1. How a wartime change created a tool to stop filibusters — the 1917 origin story
The Senate adopted Rule XXII on March 8, 1917, during World War I to give the chamber a formal mechanism to cut off extended debate; the rule’s initial threshold required a two‑thirds supermajority of senators present and voting to invoke cloture. That innovation moved the Senate away from the ad hoc practices that had allowed prolonged obstruction and was first used in the postwar fight over the Treaty of Versailles in 1919. Modern accounts trace the procedural lineage from the 1917 adoption through decades of occasional cloture attempts, noting that the original two‑thirds requirement often made cloture difficult to achieve and therefore only sparingly effective in curbing filibusters [1] [4].
2. The 1975 reform that made “60” the practical standard
In 1975 the Senate revised Rule XXII and replaced the two‑thirds benchmark with a formula requiring three‑fifths of senators duly chosen and sworn, which in a full 100‑member Senate translates to 60 votes. This change came after rising frustration in the 1960s and early 1970s over frequent cloture efforts and gridlock; the 1975 adjustment intentionally lowered the barrier to make cloture more achievable while preserving a supermajority safeguard for debate. Contemporary explanations emphasize that the rule’s wording — three‑fifths of those “duly chosen and sworn” — means the exact numeric threshold can vary with vacancies, but the political shorthand remains “60 votes” for a full Senate [1] [3].

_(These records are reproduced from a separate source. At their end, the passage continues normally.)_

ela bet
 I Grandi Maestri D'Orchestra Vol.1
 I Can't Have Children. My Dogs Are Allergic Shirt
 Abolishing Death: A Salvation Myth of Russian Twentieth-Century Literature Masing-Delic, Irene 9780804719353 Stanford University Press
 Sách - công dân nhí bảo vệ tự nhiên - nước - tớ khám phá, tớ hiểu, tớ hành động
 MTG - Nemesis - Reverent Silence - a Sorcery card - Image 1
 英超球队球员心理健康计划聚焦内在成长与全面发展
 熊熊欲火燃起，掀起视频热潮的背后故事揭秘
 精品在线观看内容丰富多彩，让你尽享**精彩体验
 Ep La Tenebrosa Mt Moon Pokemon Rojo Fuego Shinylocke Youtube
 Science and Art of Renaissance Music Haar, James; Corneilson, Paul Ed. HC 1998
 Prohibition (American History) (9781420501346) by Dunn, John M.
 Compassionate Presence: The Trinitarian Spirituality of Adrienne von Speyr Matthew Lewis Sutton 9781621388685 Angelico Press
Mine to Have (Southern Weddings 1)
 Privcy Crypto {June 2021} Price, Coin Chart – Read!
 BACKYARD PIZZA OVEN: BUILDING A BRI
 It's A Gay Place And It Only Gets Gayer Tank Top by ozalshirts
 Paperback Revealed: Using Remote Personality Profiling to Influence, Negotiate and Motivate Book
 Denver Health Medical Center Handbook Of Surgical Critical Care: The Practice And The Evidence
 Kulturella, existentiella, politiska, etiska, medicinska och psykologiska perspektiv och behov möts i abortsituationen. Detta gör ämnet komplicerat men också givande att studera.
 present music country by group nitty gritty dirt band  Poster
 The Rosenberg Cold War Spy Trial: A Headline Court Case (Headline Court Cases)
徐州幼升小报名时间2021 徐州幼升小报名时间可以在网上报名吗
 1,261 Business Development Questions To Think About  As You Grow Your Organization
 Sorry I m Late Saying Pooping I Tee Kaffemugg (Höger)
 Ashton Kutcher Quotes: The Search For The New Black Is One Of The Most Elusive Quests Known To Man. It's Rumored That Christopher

3. The 2010s “nuclear options” and the narrowing of cloture for nominations
While the 1975 change established the legislative 60‑vote norm, the Senate in the 2010s altered cloture for executive and judicial nominations through the so‑called “nuclear option.” In 2013 the Senate Democrats employed a majority vote to eliminate the 60‑vote threshold for most presidential nominations below the Supreme Court, and in 2017 Senate Republicans extended that change to Supreme Court nominations, making those nominations subject to a simple majority. Those moves did not eliminate the 60‑vote rule for ordinary legislation, but they narrowed cloture’s scope and reshaped confirmation politics by allowing majority control to bypass filibusters for many appointments [1] [5].
4. What changed in practice — more filibusters, new tactics, and procedural workarounds
Histories and data note that after the 1975 reform the number and type of cloture motions increased dramatically, and filibuster tactics evolved from marathon floor speeches to “silent” or procedural” filibusters where mere threats or holds force cloture votes. Senators and scholars link the rise in cloture motions and obstruction to institutional changes like the two‑track system, which let the Senate work around floor hold‑ups but also incentivized more blocking strategies. The cumulative effect is that the 60‑vote threshold became a de facto supermajority requirement for major legislation, shifting bargaining dynamics and increasing the strategic value of the minority [6] [3] [7].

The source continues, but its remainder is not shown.